TEMYİZ EDENİN İDDİALARI : Davacı tarafından, dava konusu işlemin dayanağı olan 6749 sayılı Kanun'un (667 sayılı KHK) 3/1. maddesinin Anayasa'ya aykırı olduğu, itiraz yoluyla Anayasa Mahkemesine götürülmesine bir engel bulunmadığı; kişiselleştirme içermeyen bir kararla meslekten çıkarılması, yeniden inceleme talebinden sonra verilen kararın da aynı mahiyette olması, davanın sonucunu temelden etkileyecek olan Anayasa'ya aykırılık iddiasının ciddi görülmemesi, meslekten çıkarma işleminin hukuka aykırılığına ilişkin öne sürdüğü hususların kararda tartışılmaması gerekçe yükümlülüğünü karşılamaktan uzak olduğundan adil yargılanma hakkının ihlal edildiği; Anayasa'daki güvencelere aykırı olacak şekilde, mesleğinden çıkarılma gerekçesinin ne olduğunu bilmeksizin, kendisine yönelik isnadın nedeninden ve niteliğinden haberdar edilmeksizin, bu hususta kendisine somut olay ve olgulara dayanan bir delil gösterilmeksizin ve gerekçe tebliğ edilmeksizin, savunma imkânı verilmeksizin mesleğinden ihraç edildiği, yargılama aşamasında hakkındaki tespitler bildirilerek bu tespitlere karşı beyanlarının alınmasıyla savunma hakkının tanınmış olmadığı; makul sürede yargılanma hakkının ihlal edildiği; hayatının hiçbir bölümünde FETÖ/PDY ile irtibat ve iltisak hâlinde olmadığı, somut delil ve gerekçe gösterilmeden kişisel kusuru araştırılmaksızın anayasal prensiplere sadakat göstermediği iddiasında bulunulduğu; irtibat ve iltisak kavramları kullanılarak sınırsız bir takdir yetkisinin kullanıldığı, hakkında somut hukuksal delil olmaksızın meslekten çıkarıldığı; ByLock kullanıcısı olmadığı, ByLock kullandığı yönünde sunulan tutanakların sonradan üretildiği, bu tutanaklarda Ankara Adliyesinde görev yaparken ihraç edildiği yönünde not bulunduğu, ama Ankara Adliyesinde hiç çalışmadığı en son Yargıtay Tetkik Hakimliği görevde bulunduğu, tüm bu bilgilerden özetle dosya kapsamında yer alan bilgi ve belgelerin Yargıtayın aradığı kriterleri karşılamadığı; tanık beyanlarının ve etkin pişmanlıktan yararlanılmak isteyen şahısların beyanlarından oluştuğu, bu ifadelerin kanun dışı vaatle alınması nedeniyle yasak delil niteliğinde olduğu; Dairenin meslekten çıkarılmasına karar verilmesi suretiyle özel hayatına saygı hakkına yapılan müdahalenin durumun gerektirdiği ölçüde bir tedbir olduğu yönündeki görüşünün isabetsiz olduğu ileri sürülmektedir.

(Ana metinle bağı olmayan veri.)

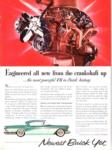 Buick 1956 1.jpg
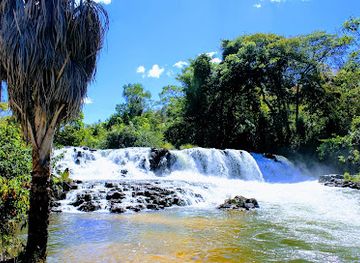 brazil/cerrado/attraction/parque-nacional-das-nascentes-do-rio-parnaiba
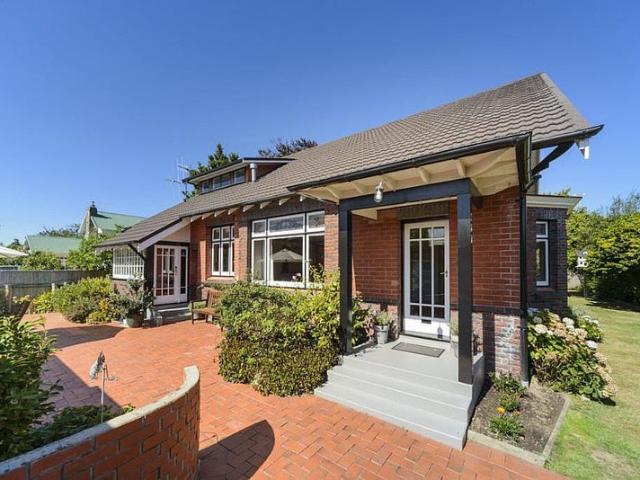 House for rent in Manawatu District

KARŞI TARAFIN SAVUNMASI : Davalı idare tarafından, Danıştay Beşinci Dairesince verilen kararın usul ve hukuka uygun bulunduğu ve temyiz dilekçesinde öne sürülen nedenlerin, kararın bozulmasını gerektirecek nitelikte olmadığı belirtilerek temyiz isteminin reddi gerektiği savunulmaktadır.

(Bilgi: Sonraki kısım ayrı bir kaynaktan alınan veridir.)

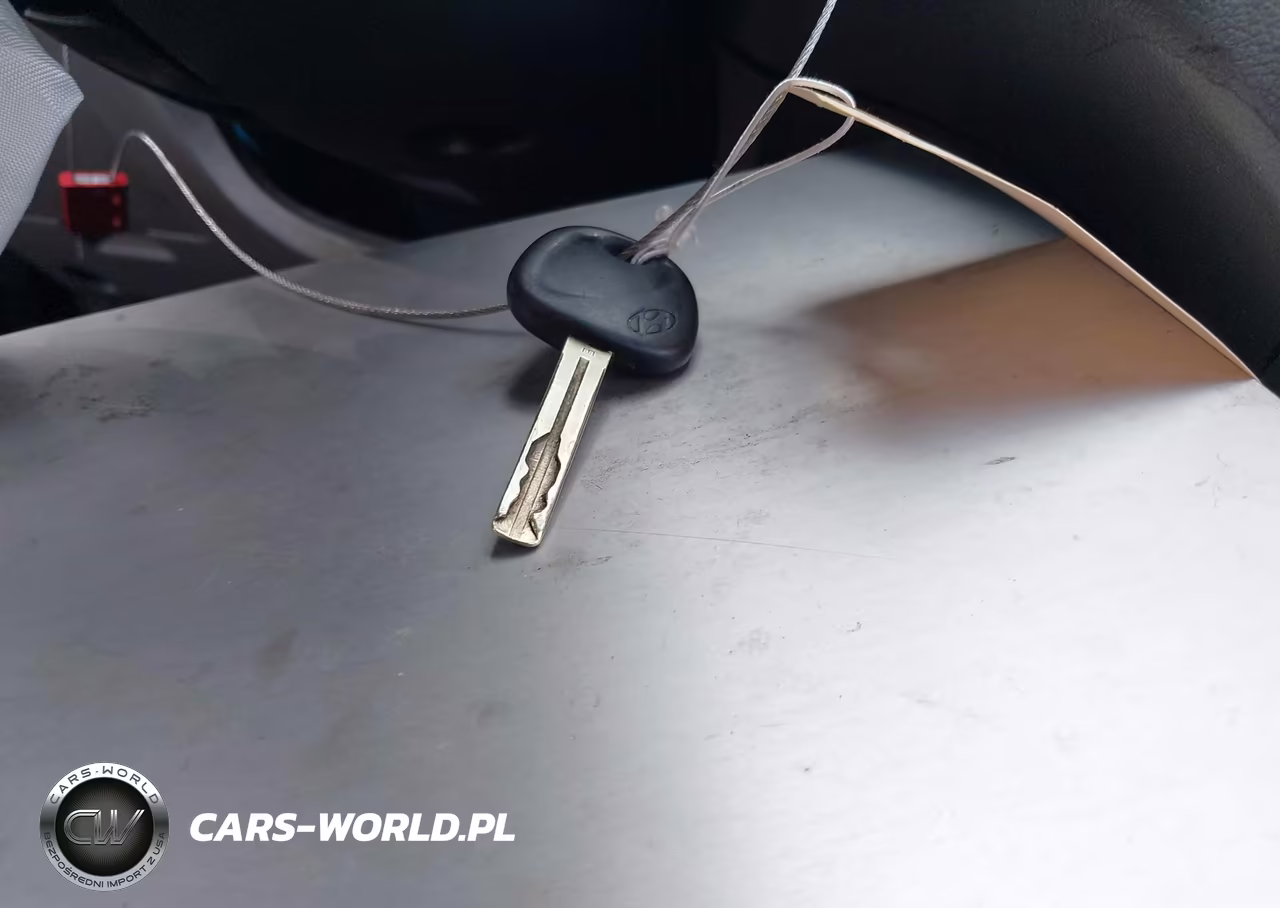 2011 Hyundai Sonata Gls VIN:5NPEB4AC3BH095272 - 11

DANIŞTAY TETKİK HÂKİMİ ...DÜŞÜNCESİ : Temyiz isteminin reddi ile Daire kararının onanması gerektiği düşünülmektedir.
TÜRK MİLLETİ ADINA
Karar veren Danıştay İdari Dava Daireleri Kurulunca, Tetkik Hâkiminin açıklamaları dinlendikten ve dosyadaki belgeler incelendikten sonra, davacının Anayasa'ya aykırılık iddiası ciddi görülmeyerek gereği görüşüldü:
HUKUKİ DEĞERLENDİRME:
Danıştay dava dairelerinin nihai kararlarının temyizen incelenerek bozulması, 2577 sayılı İdari Yargılama Usulü Kanunu'nun 49. maddesinde yer alan;
"a) Görev ve yetki dışında bir işe bakılmış olması,
b) Hukuka aykırı karar verilmesi,
c)Usul hükümlerinin uygulanmasında kararı etkileyebilecek nitelikte hata veya eksikliklerin bulunması" sebeplerinden birinin varlığı hâlinde mümkündür.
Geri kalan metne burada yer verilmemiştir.